» **Exercise description**
Find "牛こまとこんにゃくの醤油麹炒め-レシピのメイン写真", then copy its line and every later line of the entries exactly through the end, leaving all pictures out.

Stored items:
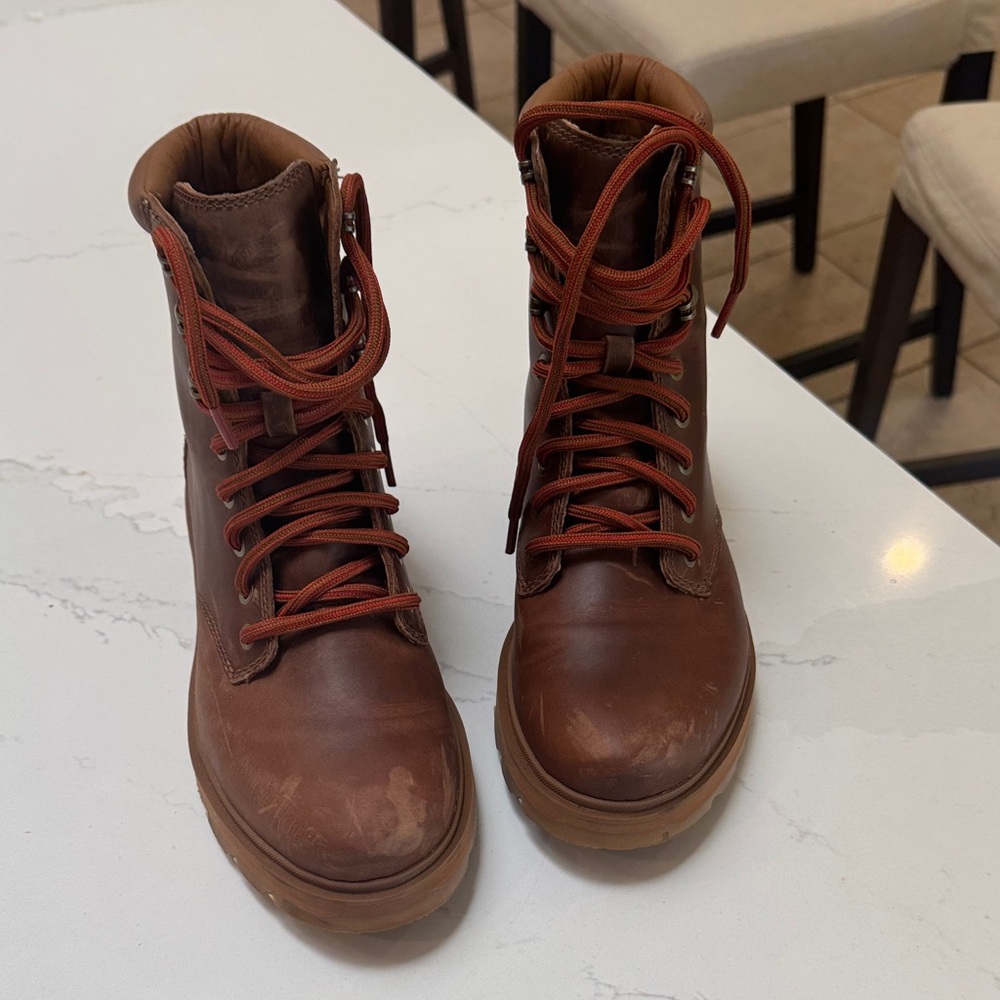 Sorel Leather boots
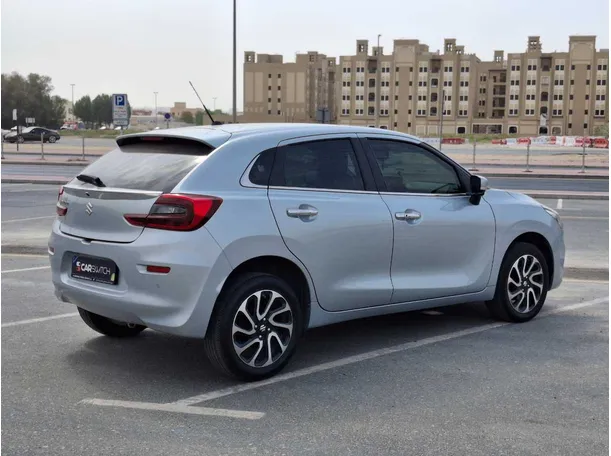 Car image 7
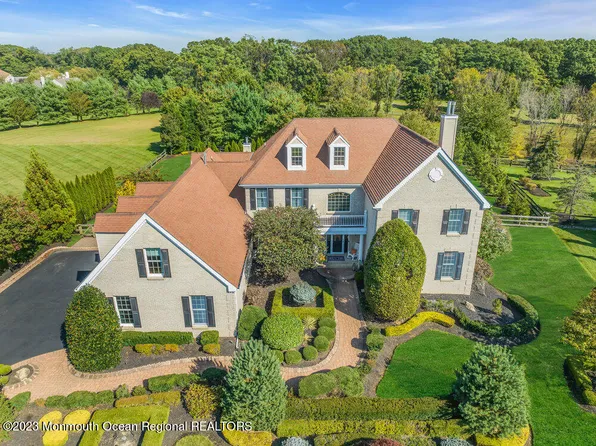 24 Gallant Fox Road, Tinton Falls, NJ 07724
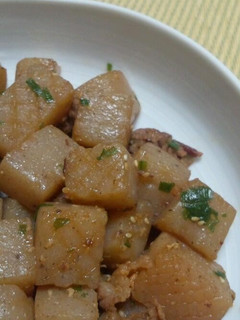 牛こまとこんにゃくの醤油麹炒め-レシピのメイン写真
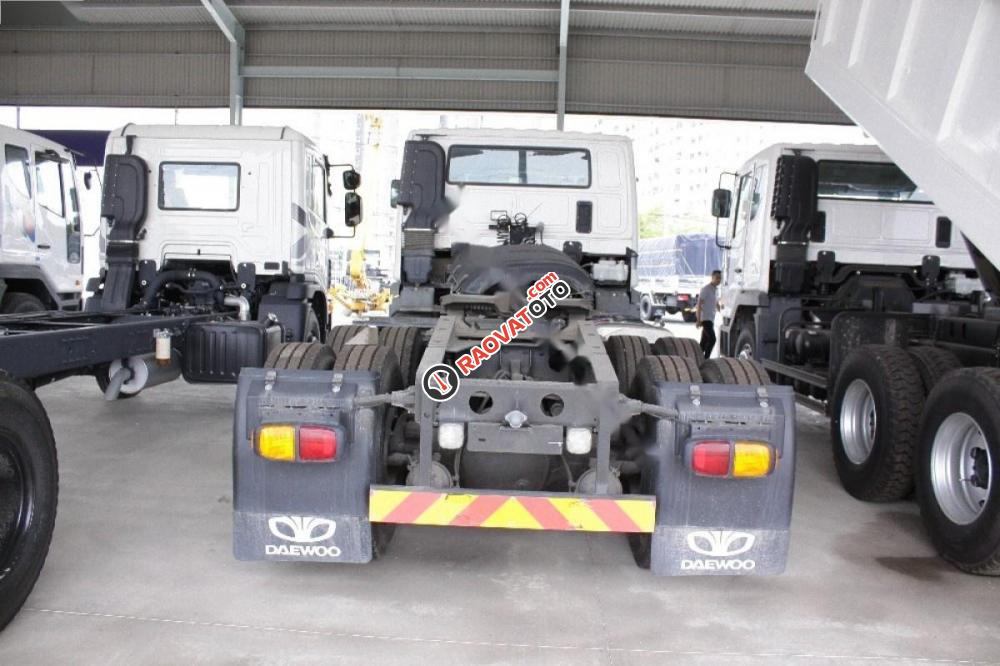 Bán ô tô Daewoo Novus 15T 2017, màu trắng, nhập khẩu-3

» **Solution for this task**
 牛こまとこんにゃくの醤油麹炒め-レシピのメイン写真
 Bán ô tô Daewoo Novus 15T 2017, màu trắng, nhập khẩu-3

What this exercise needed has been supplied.